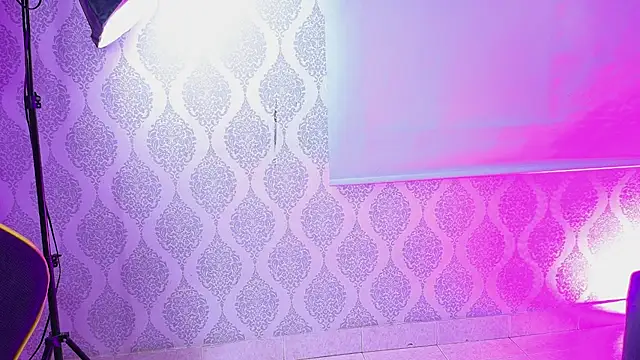 Twink Sensationxx online show from April 4, 1:10 pm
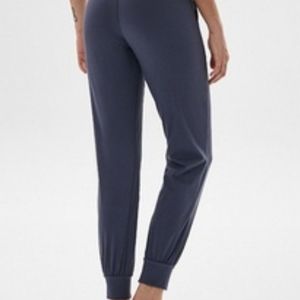 Lululemon gym pants for women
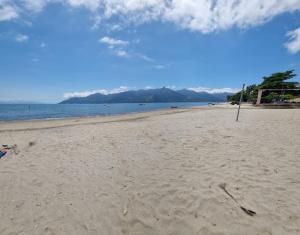 03 Apartamento de praia com ótima localização e piscina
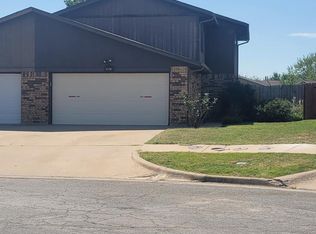 5402 NW Sir Brian Ave APT B, Lawton, OK 73505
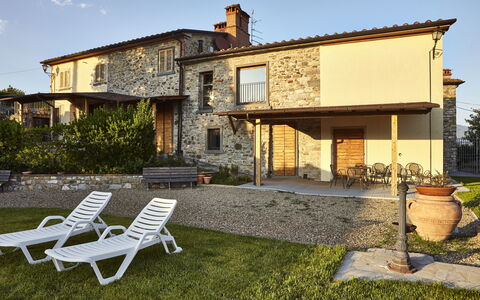 Villa Cincinelli: Edificio, Casa, Propiedad, Casa, Cabaña, Bienes Raíces, Fachada, Casa De Campo, Villa, Patio Interior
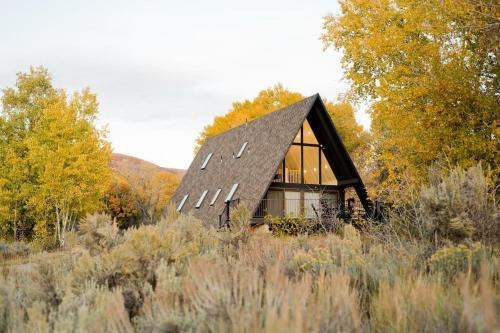 Park City Villa | A-Frame Haus Heber views romantic firepit cute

········

:: AIM OF THE EXERCISE ::
From the opening line of the entries, copy each line exactly until the line with "Villa, Patio Interior", which is copied as well; leave out pictures.

:: SOLUTION FOR THIS TASK ::
 Twink Sensationxx online show from April 4, 1:10 pm
 Lululemon gym pants for women
 03 Apartamento de praia com ótima localização e piscina
 5402 NW Sir Brian Ave APT B, Lawton, OK 73505
 Villa Cincinelli: Edificio, Casa, Propiedad, Casa, Cabaña, Bienes Raíces, Fachada, Casa De Campo, Villa, Patio Interior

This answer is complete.